### Task details
Please repeat every entry exactly as written, but skip the pictures.

#### Provided material ####

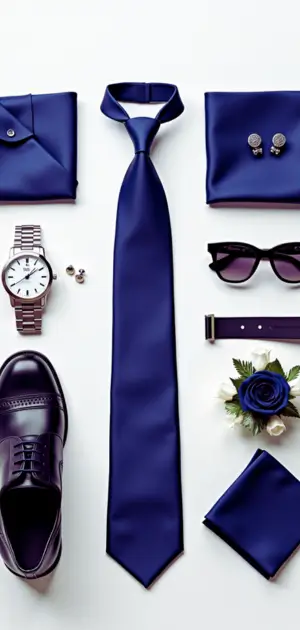 Sterling silver cufflinks paired with silk suit accessories.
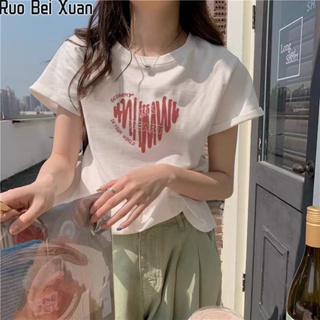 RUO BEI XUAN ใหม่ของผู้หญิงแขนสั้นพิมพ์เสื้อยืดผ้าฝ้ายแท้หลวมสบาย ๆ ด้านบน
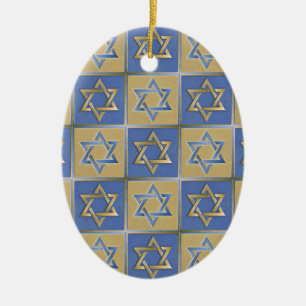 Judaica Star van David Metal Gold Blue Keramisch Ornament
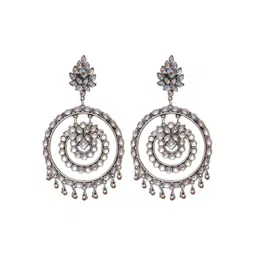 BEYTER German Silver Artificial Stones Studded Mirror Contemporary Drop Earrings-picture-13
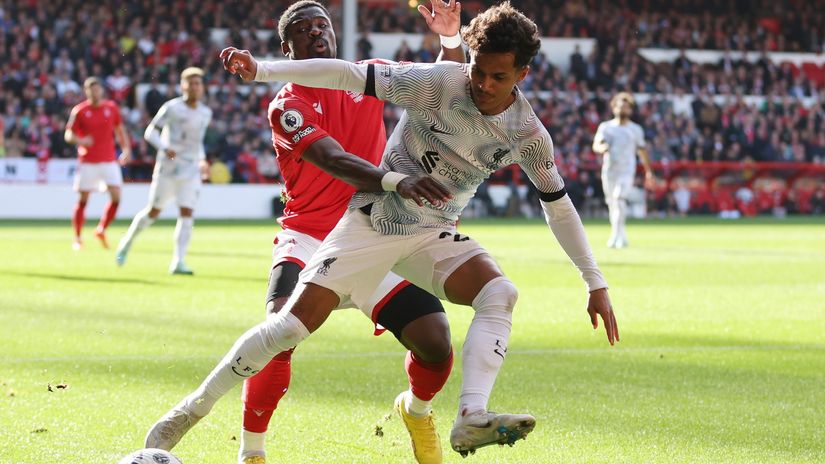 Fabio Carvalho (white shirt) in action for Liverpool against Nottingham Forest (© Catherine Ivill/Getty Images)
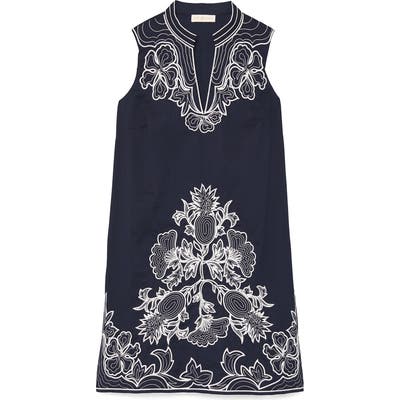 Tory Burch Embroidered Cotton Voile Cover-Up Tunic Dress, Blue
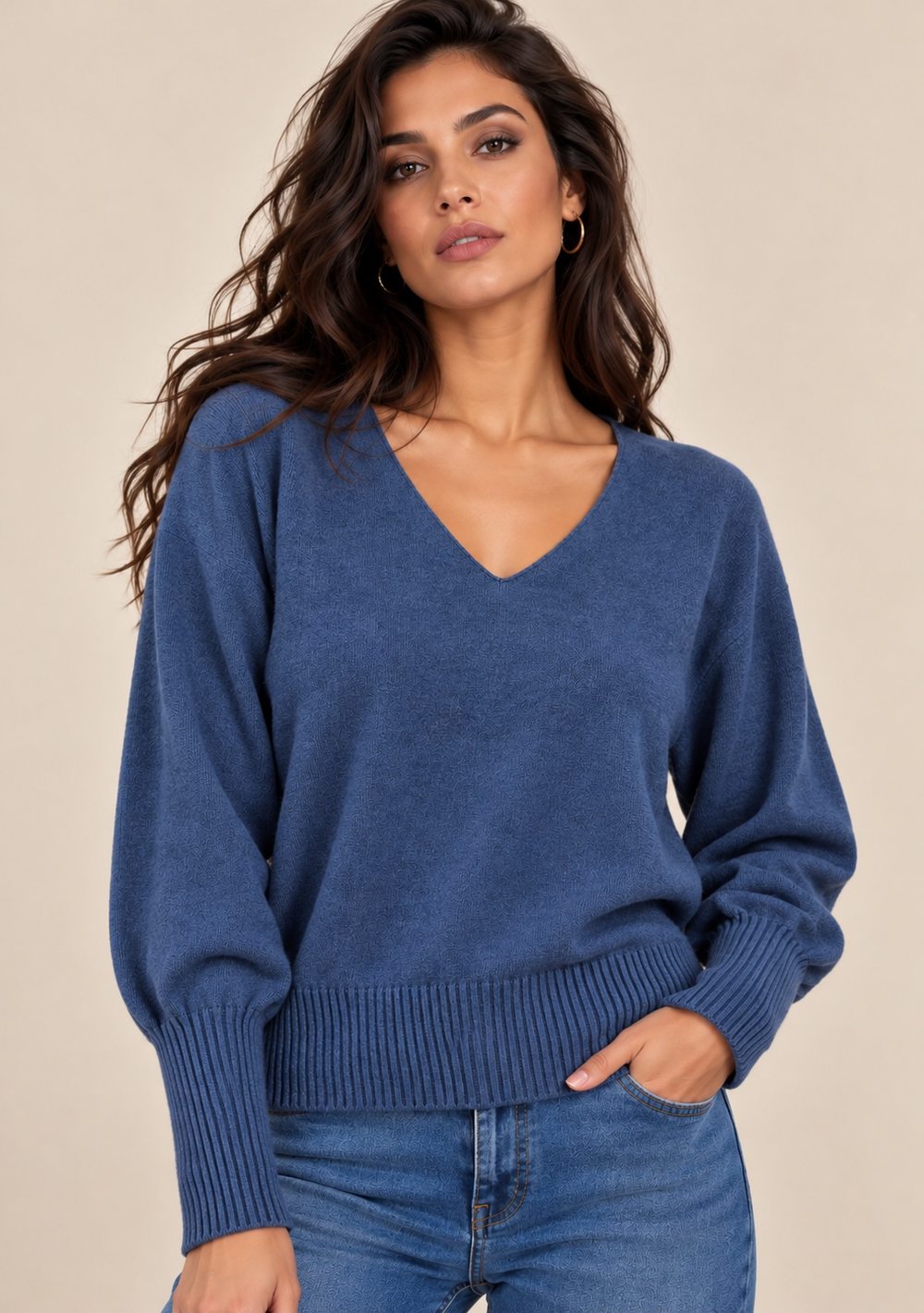 Maglia Scollo a V Maniche a Coste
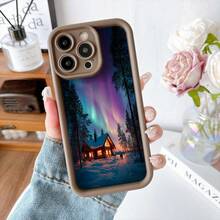 Cubierta de teléfono con borde protector gris oscuro diseño de casa en la nieve aurora boreal en bosque invernal para uso diario y viajes - Café integral - Ver 7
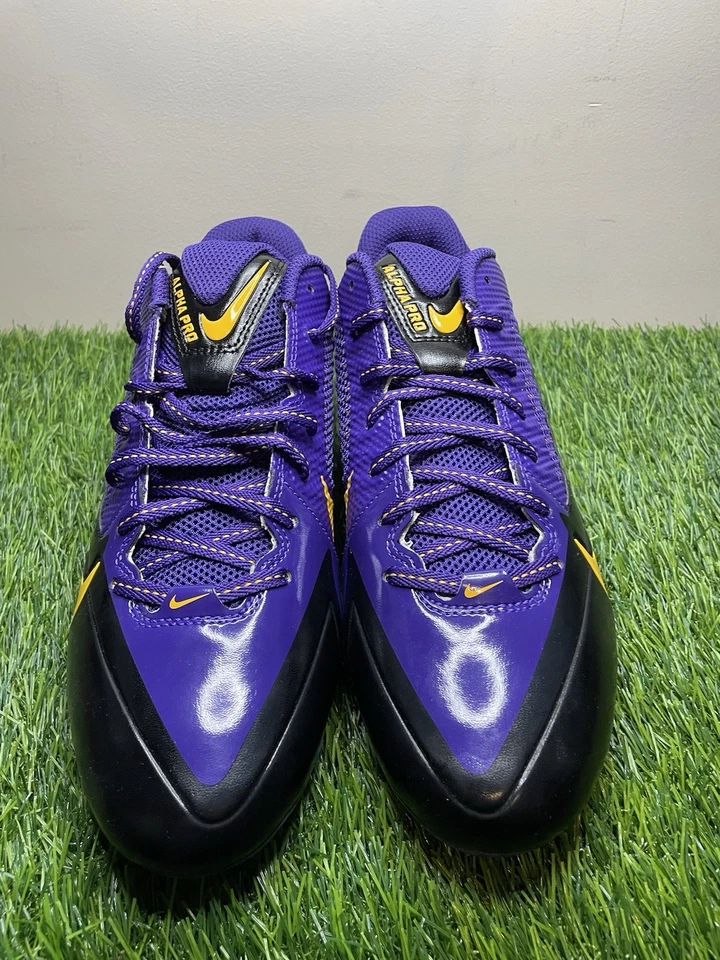 Botines de fútbol para hombre Nike Alpha Pro púrpura/dorado/negro talla 9 (618055-518) Foto 3 de 4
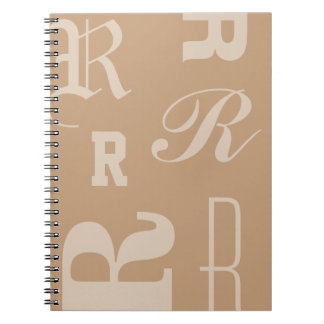 Cuaderno Monograma Tan Personalizado, Iniciales de Tipograf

####

### Result below
 Sterling silver cufflinks paired with silk suit accessories.
 RUO BEI XUAN ใหม่ของผู้หญิงแขนสั้นพิมพ์เสื้อยืดผ้าฝ้ายแท้หลวมสบาย ๆ ด้านบน
 Judaica Star van David Metal Gold Blue Keramisch Ornament
 BEYTER German Silver Artificial Stones Studded Mirror Contemporary Drop Earrings-picture-13
 Fabio Carvalho (white shirt) in action for Liverpool against Nottingham Forest (© Catherine Ivill/Getty Images)
 Tory Burch Embroidered Cotton Voile Cover-Up Tunic Dress, Blue
 Maglia Scollo a V Maniche a Coste
 Cubierta de teléfono con borde protector gris oscuro diseño de casa en la nieve aurora boreal en bosque invernal para uso diario y viajes - Café integral - Ver 7
 Botines de fútbol para hombre Nike Alpha Pro púrpura/dorado/negro talla 9 (618055-518) Foto 3 de 4
 Cuaderno Monograma Tan Personalizado, Iniciales de Tipograf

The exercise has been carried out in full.